I can’t speak for everyone, but here was my thought process for choosing my internship, and my experience at Inspiring Capital. I came from a pretty traditional finance background. My main goal for the summer was to branch out from finance and find a job that allowed me to apply and further develop the tactical business skills I had been learning. As I began to look at different options, the aforementioned nebulous feeling of wanting to make the world a better place became more prominent. Ultimately I accepted an offer with Inspiring Capital; I really liked their pitch: aligning business professionals and high-potential, purpose-driven organizations. Sounded great on paper, but because your one summer internship is such a scarce resource, I had a lot of questions: I don’t have any social impact experience, can I really get a good feel for the sector in 10 weeks? Will I actually get to work on high-level business problems? And, will my experience this summer help me practically and translate into a good story to get a full-time job?

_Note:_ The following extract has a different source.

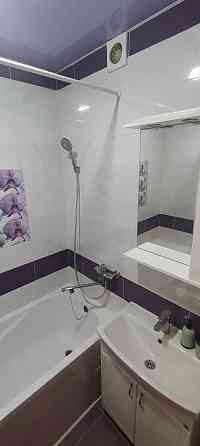 Аренда 2-х комнатной кв.  на Победе 6. Реальный объект. Ремонт. Днепр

After completing the summer at Inspiring Capital, I feel quite comfortable answering “yes” to all of those questions. In our cohort of 10 MBAs and 7 Undergrads, we had a wide-range of experience in the social sector. Some people had worked at nonprofits, some had started nonprofits, and some, like me, just had an interest in the sector. Over the course of the summer, we heard from dozens of speakers, ranging from social enterprise entrepreneurs, to impact investors, to Directors of nonprofits. Through the summer, we got a pretty holistic view of the sector, and you start piecing together trends and better understanding the nuances of problems that continue to pop up like scalability, impact measurement, and sustainability.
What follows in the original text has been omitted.